Exercise brief
Your answer should be the full data, transcribed exactly, with no pictures in it.

Data provided
▼
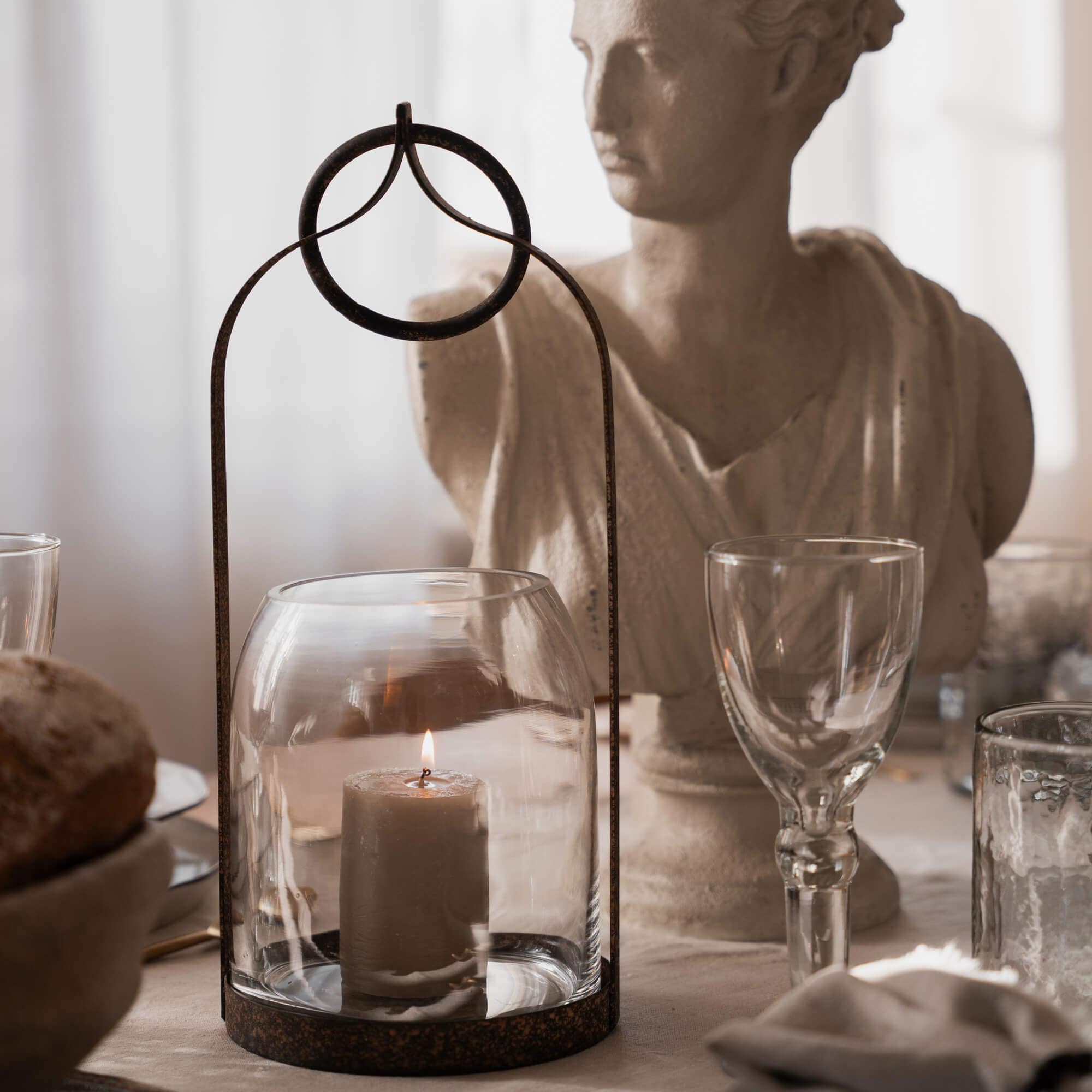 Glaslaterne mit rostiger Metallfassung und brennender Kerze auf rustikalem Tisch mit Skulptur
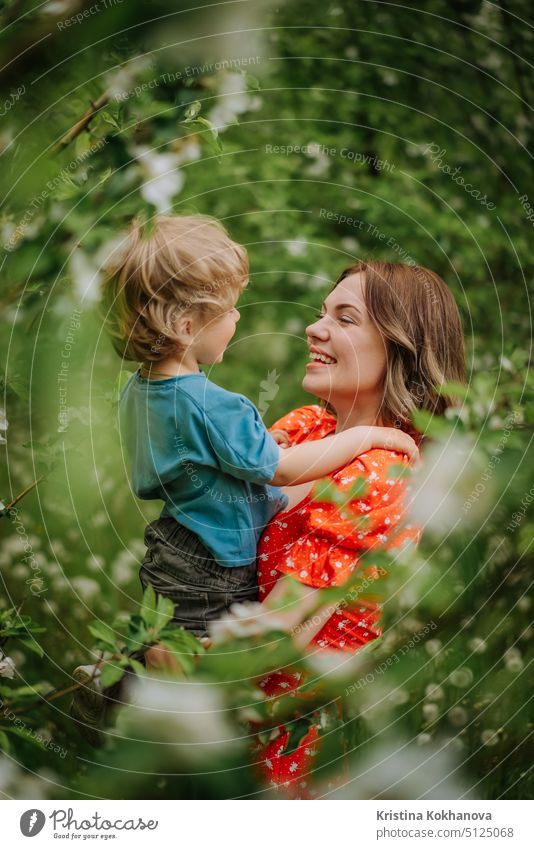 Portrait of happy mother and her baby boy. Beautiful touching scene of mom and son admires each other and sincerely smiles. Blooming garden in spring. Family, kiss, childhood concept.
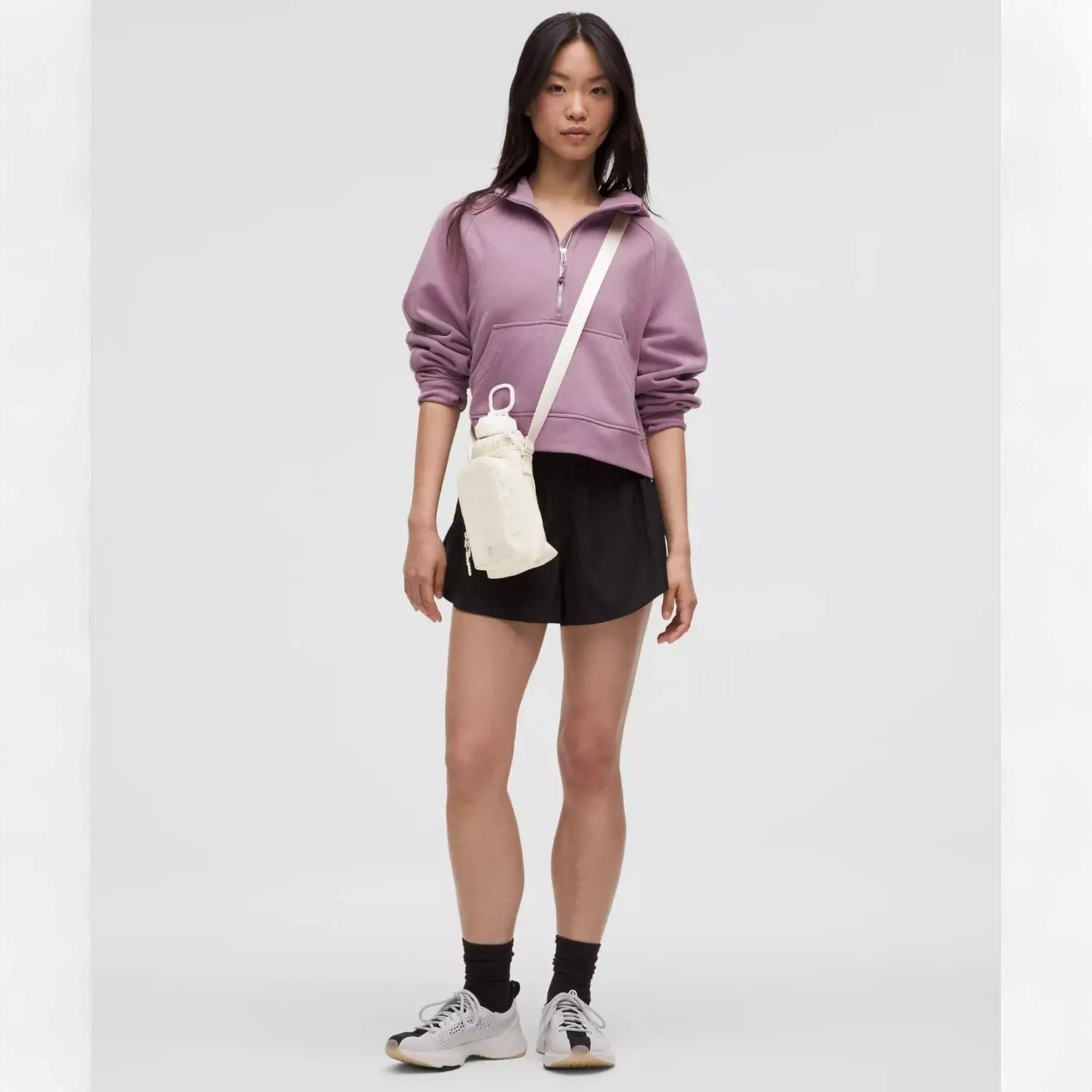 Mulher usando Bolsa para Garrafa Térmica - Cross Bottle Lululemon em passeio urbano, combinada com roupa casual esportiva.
▲
Task response
 Glaslaterne mit rostiger Metallfassung und brennender Kerze auf rustikalem Tisch mit Skulptur
 Portrait of happy mother and her baby boy. Beautiful touching scene of mom and son admires each other and sincerely smiles. Blooming garden in spring. Family, kiss, childhood concept.
 Mulher usando Bolsa para Garrafa Térmica - Cross Bottle Lululemon em passeio urbano, combinada com roupa casual esportiva.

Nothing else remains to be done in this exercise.